But to do this, but as you've written quite eloquently, this this is not a good day for America, regardless of how you feel about Donald Trump.
This is a very sad and I would say dangerous day.
Well, right. I don't want us to have to go through with this, but we do have to go through it.
I mean, it's Donald Trump. He's the one who brought us here.
This is his fault. He did this stuff and he has to be held accountable.
He's not above the law. But it is it is a sad thing that that we have to contemplate, you know, the trial and possible conviction and then punishment of a former president.
And that would be a traumatic thing for the country to go through. And it's again, it's his fault.

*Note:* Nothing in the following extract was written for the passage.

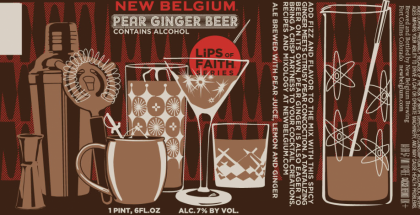 New Belgium Pear Ginger Beer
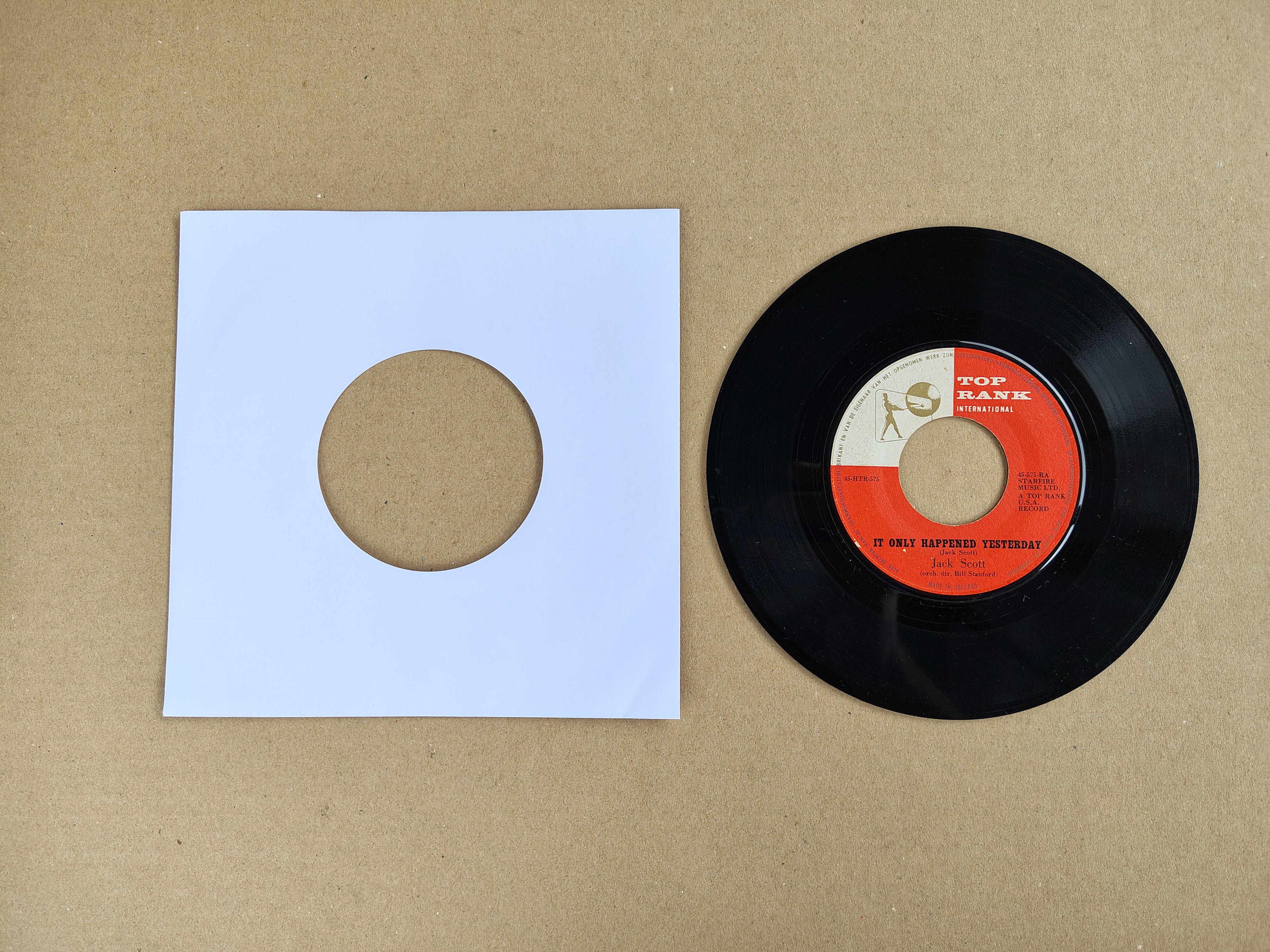 7" Single: Jack Scott - It Only Happend Yesterday (1960)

It's not it's not Jack Smith's fault. It's not Joe Biden's fault. It's Donald Trump's fault.
It's but this is yet another horrible legacy that he's going to leave to this country.
It's just amazing. I just had one question for George, which is it.
So so Jack Smith is driving this bus. Right.
In the end, does the attorney general have any role to play in this, in this decision
or is it basically up to Jack Smith?
Well, under the regulations, I mean, this, this is the, these are the regulations that
were drafted after the original Ethics and Government Act independent, independent counsel
was struck down.
The, the AG is supposed to supervise the special counsel and has the
obligation to, and he could veto, in theory, a prosecution. He could direct the special counsel
what to do because the special counsel is an employee who reports to the attorney general.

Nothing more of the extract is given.